2
votes

I'm implementing an OCaml-like language using rust-peg and my parser has a bug. I defined if-statement grammar, but it doesn't work.

I'm guessing the test-case input is parsed as Apply(Apply(Apply(Apply(f, then), 2) else), 4). I mean "then" is parsed as Ident, not keyword.

I have no idea for fixing this apply-expression grammar. Do you have any ideas?

#[derive(Clone, PartialEq, Eq, Debug)]
pub enum Expression {
    Number(i64),
    If {
        cond: Box<Expression>,
        conseq: Box<Expression>,
        alt: Box<Expression>,
    },
    Ident(String),
    Apply(Box<Expression>, Box<Expression>),
}

use peg::parser;
use toplevel::expression;
use Expression::*;

parser! {
pub grammar toplevel() for str {

    rule _() = [' ' | '\n']*

    pub rule expression() -> Expression
        = expr()

    rule expr() -> Expression
        = if_expr()
        / apply_expr()

    rule if_expr() -> Expression
        = "if" _ cond:expr() _ "then" _ conseq:expr() _ "else" _ alt:expr() {
            Expression::If {
                cond: Box::new(cond),
                conseq: Box::new(conseq),
                alt: Box::new(alt)
            }
        }

    rule apply_expr() -> Expression
        = e1:atom() _ e2:atom() { Apply(Box::new(e1), Box::new(e2)) }
        / atom()

    rule atom() -> Expression
        = number()
        / id:ident() { Ident(id) }

    rule number() -> Expression
        = n:$(['0'..='9']+) { Expression::Number(n.parse().unwrap()) }

    rule ident() -> String
        = id:$(['a'..='z' | 'A'..='Z']['a'..='z' | 'A'..='Z' | '0'..='9']*) { id.to_string() }
}}

fn main() {
    assert_eq!(expression("1"), Ok(Number(1)));
    assert_eq!(
        expression("myFunc 10"),
        Ok(Apply(
            Box::new(Ident("myFunc".to_string())),
            Box::new(Number(10))
        ))
    );

    // failed
    assert_eq!(
        expression("if f then 2 else 3"),
        Ok(If {
            cond: Box::new(Ident("f".to_string())),
            conseq: Box::new(Number(2)),
            alt: Box::new(Number(3))
        })
    );
}
thread 'main' panicked at 'assertion failed: `(left == right)`
  left: `Err(ParseError { location: LineCol { line: 1, column: 11, offset: 10 }, expected: ExpectedSet { expected: {"\"then\"", "\' \' | \'\\n\'"} } })`,
 right: `Ok(If { cond: Ident("f"), conseq: Number(2), alt: Number(3) })`', src/main.rs:64:5
1
I'm not familiar with the peg library, but if it has a way to add predicates to rules, you could create a set of keywords and then add a predicate to the ident rule that requires the identifier to not be in the set of keywords.
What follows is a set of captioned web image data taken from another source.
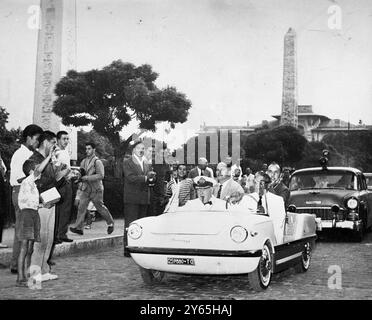 Sir Winston Churchill Sieht Istanbul . Sir Winston Churchill in typischer Fliege und Zigarre wird durch die Straßen der malerischen türkischen Hauptstadt , ehemals Konstantinopel , gefahren . August 1959 Stockfoto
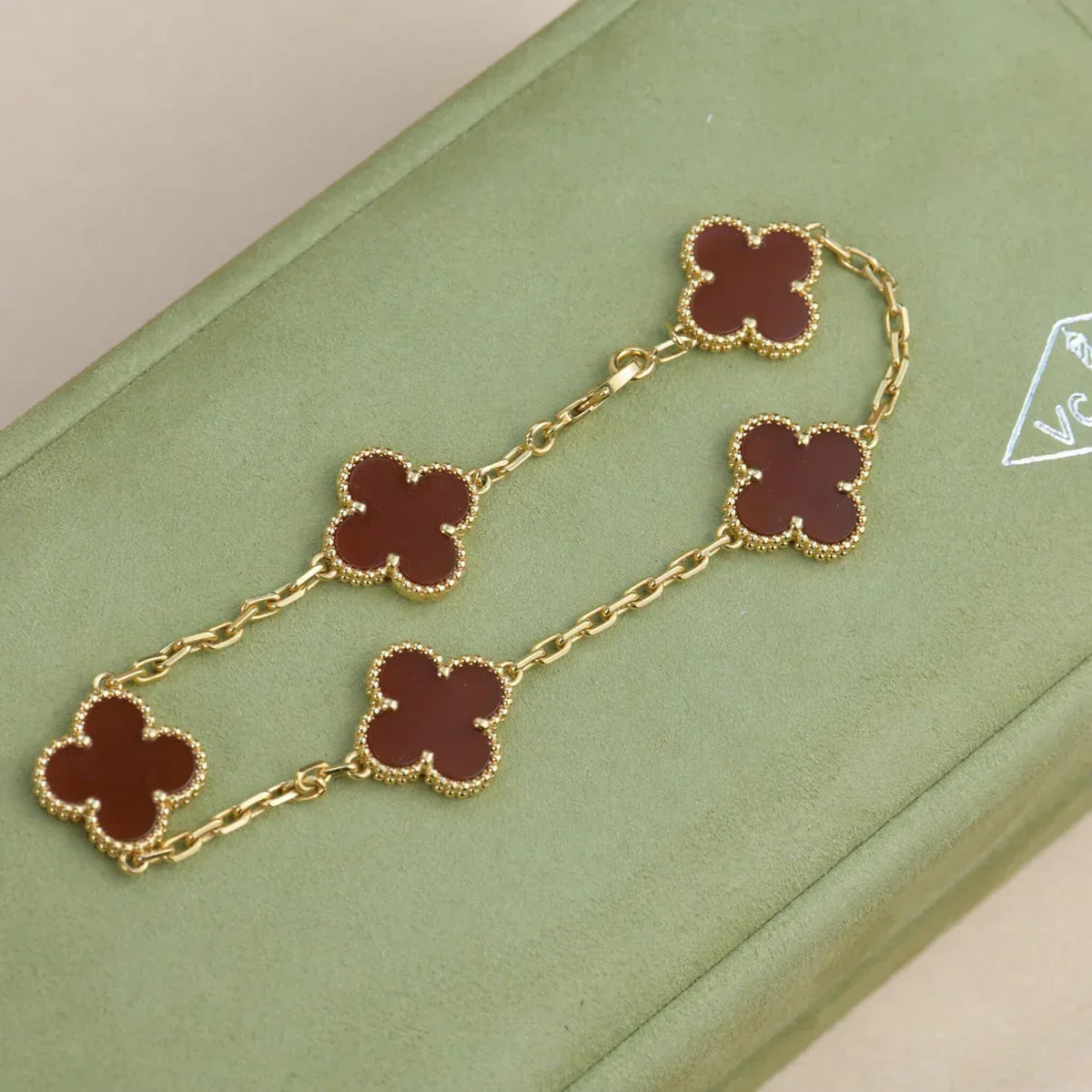 [Elowen jewels ] CLOVER 5 MOTIF RED CORNELIAN BRACELET COLLECTION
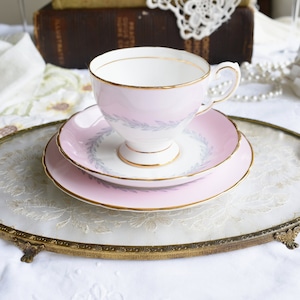 Hübsches Vintage Toskanisches Baby Rosa &quot;Mayfair&quot; Feine Bone China Teetasse, Unterteller und Beistellteller Trio Set, Made in England #2101151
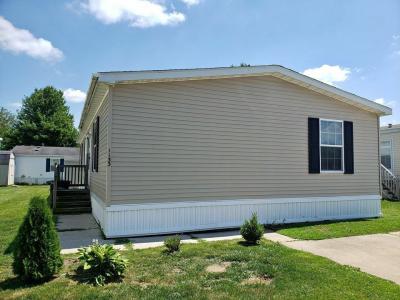 Photo 5 of 5 of home located at 1133 Chateau Monroe, MI 48161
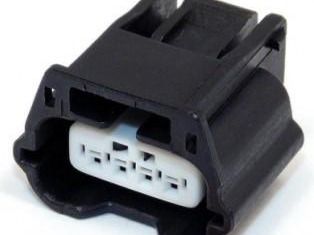 Yazaki 7283-8853-30 RH 025 4 way Female Connector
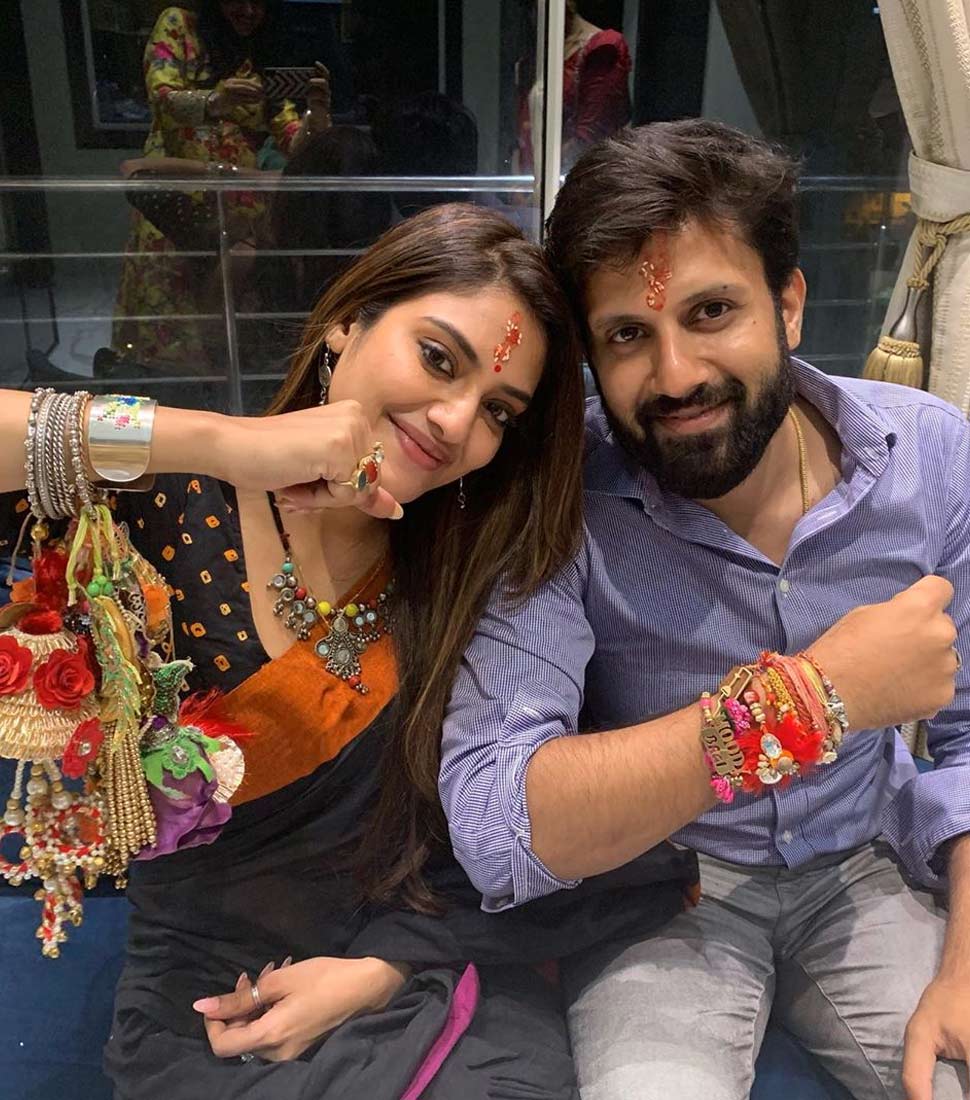 परिवार संग रक्षाबंधन Nusrat Jahan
You'll also want a rule for keywords to make sure that something like ifFunction thenArg elseArg is parsed as a function call rather than as if Function then Arg else Arg.sepp2k

1 Answers

2
votes

PEG uses ordered choice. This means that when you write R = A / B for some rule R, if in a position A succesfully parses, it will never try B, even if the choice of A leads to problems later on. This is the core difference with context-free grammars, and often overlooked.

In particular, when you write apply = atom atom / atom, if it's possible to parse two atoms in a row, it will never try to parse just a single one, even if it means the rest doesn't make sense later.

Combine this with the fact that then and else are perfectly good identifiers in your grammar, you get the issue that you see.